Technology is supposed to “make our lives easier.” Don’t let the God-forsaken fax machine at work let you believe that was a false promise. Your gadgets are tools, and you are the artful craftsperson.

Splendid. I share Dave’s philosophy and have a similar mentality for this site.

Shawn Blanc Reviews the New MacBook Air

Shawn Blanc, in a characteristically great review:

After using the 13-inch MacBook Air for almost two weeks, it has been difficult to pinpoint exactly what it is about this laptop that makes it so great. I don’t think it’s so much in what the Air is, but rather what it is not — or rather, what it doesn’t have. The Air doesn’t have an optical drive, it doesn’t have many ports, it doesn’t have a removable battery, and it doesn’t have much weight.

It’s the subtraction of all these things that adds up to make the Air such an attractive and incredible computer.

The MacBook Air will definitely be my next computer. My 2009 MacBook Pro is still going strong, but I can’t wait to see what the Airs look like in a couple years.

To Follow, or Not to Follow

Frank Chimero:

The new criteria is that I will follow you on Twitter if I would help you move. If I’m willing to carry a box full of photo albums, kitchen gadgets, and spare blankets, I’m probably also going to be interested in hearing about how it’s annoying to file receipts, in seeing photos of your coffee, and in knowing how it smells like wet dog on your subway ride to work.


A lot of people don’t get Twitter. They say, “I don’t want to read about what somebody is having for lunch.” For a long time, I agreed with them. It wasn’t until after I joined Twitter that I finally understood how valuable it is.

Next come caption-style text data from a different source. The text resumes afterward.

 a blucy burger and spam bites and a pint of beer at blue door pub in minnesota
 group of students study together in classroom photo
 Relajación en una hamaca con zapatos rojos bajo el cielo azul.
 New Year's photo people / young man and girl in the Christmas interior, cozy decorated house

The amazing thing about Twitter is that it can be as useful or useless as you want it to be. Twitter doesn’t force you to read about what people are having for lunch. If you, the user, choose to follow people who tweet such inane minutia, then yes, you will have to put up with that. But the better option is to only follow people who make quality contributions to your timeline. For example, I follow a bunch of writers and minimalists and nerds because I care about what each of them has to say. So much so that I’m willing to put up with the occasional tweet, as Frank Chimero says above, about something that doesn’t interest me. Like when John Gruber tweets about sports.

Unlike Facebook, where you’re socially obligated to accept someone’s friend request or risk offending that person, Twitter is not a forced two-way street. You don’t have to follow everyone who follows you, and just because you’re following someone doesn’t mean they have to return the favor. There’s no fake virtual friendship to maintain. You’re either following someone, or you’re not.

Lion's Hairpin Turn

I finished John Siracusa’s Lion review late last night, and as I’ve said before, it’s a tremendous achievement. The level of depth and insight is wonderfully impressive.

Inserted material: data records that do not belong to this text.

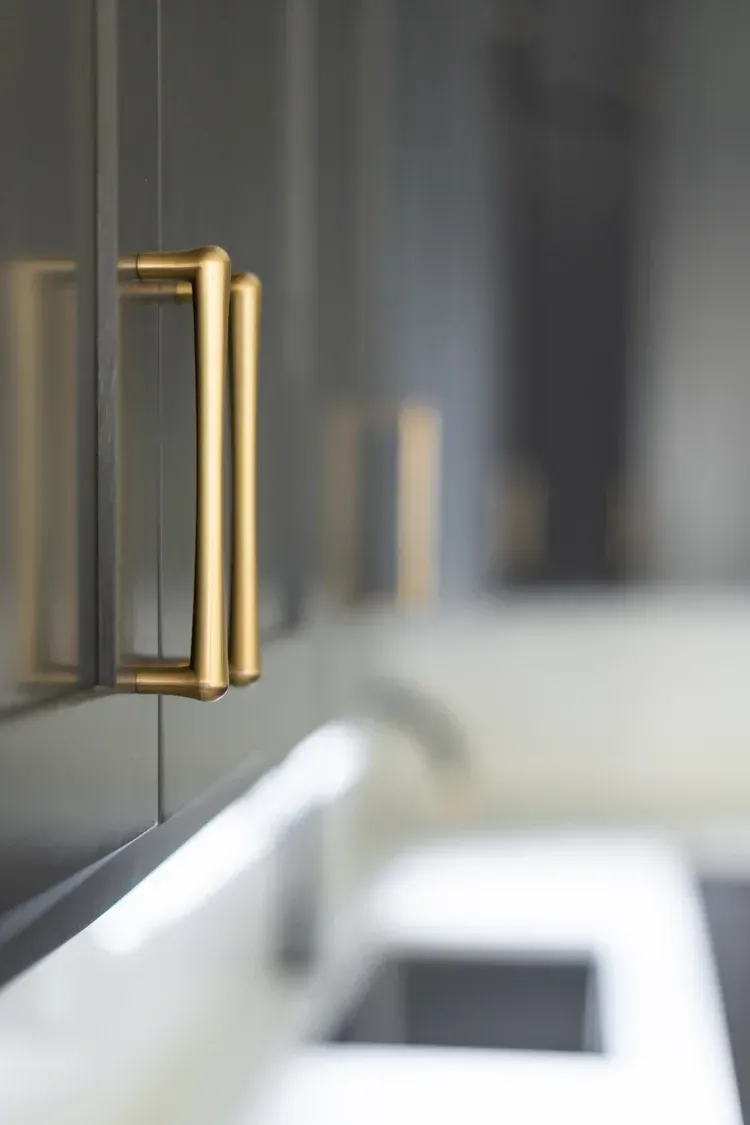 Gold cabinet handle on dark gray cabinetry in a modern kitchen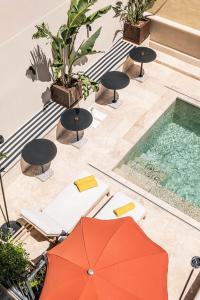 纳博讷Hôtel Le Mosaïque的享有带橙色遮阳伞的游泳池的顶部景致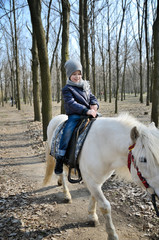 smiling boy riding a white pony trail in the park in spring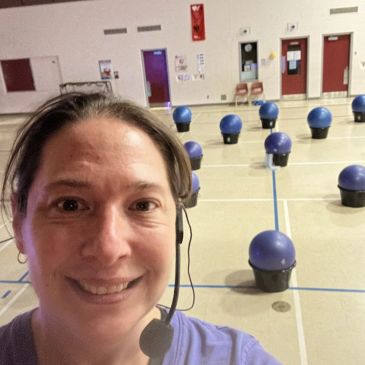 Smiling woman with headset in a gym with spaced blue exercise balls.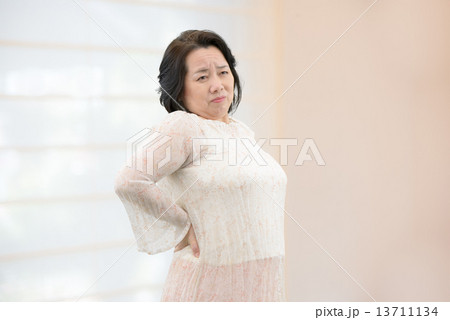 室内に立っている、腰痛、肩こりに悩んでいるカジュアルウェアー姿の中年女性 13711134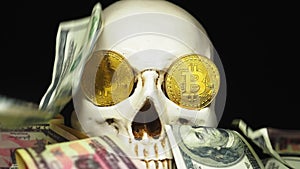 Skull with US Dollar bills in his mouth. bitcoins on the eyes.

A few episodes ago on Hypercritical, Siracusa explained his desire to weave a narrative into his Mac OS X reviews, rather than provide a laundry list of technical changes from the previous version. The result is a better understanding of the big picture: Mac OS X’s history, its current state, and where it’s heading in the future.

In keeping with that mindset, the final paragraph of Siracusa’s review reads:

Over the past decade, better technology has simply reduced the number of things that we need to care about. Lion is better technology. It marks the point where Mac OS X releases stop being defined by what’s been added. From now on, Mac OS X should be judged by what’s been removed.

Apple has always had an affinity for simplicity and minimalist design, and Lion is the next evolution of those tenets. As Siracusa explains in his review, the emphasis of OS X has shifted from the addition of new features to the subtraction of those deemed obsolete in the computers of today and tomorrow. Tiger (10.4) introduced over 150 new features, and Leopard (10.5) boasted over 300. Then things changed: Snow Leopard (10.6) explicitly contained zero new features, instead offering many under-the-hood improvements. It’s as if the first six incarnations of OS X saw Apple speeding toward an optimal number of features, and, once reached, Snow Leopard finally saw it putting on the brakes.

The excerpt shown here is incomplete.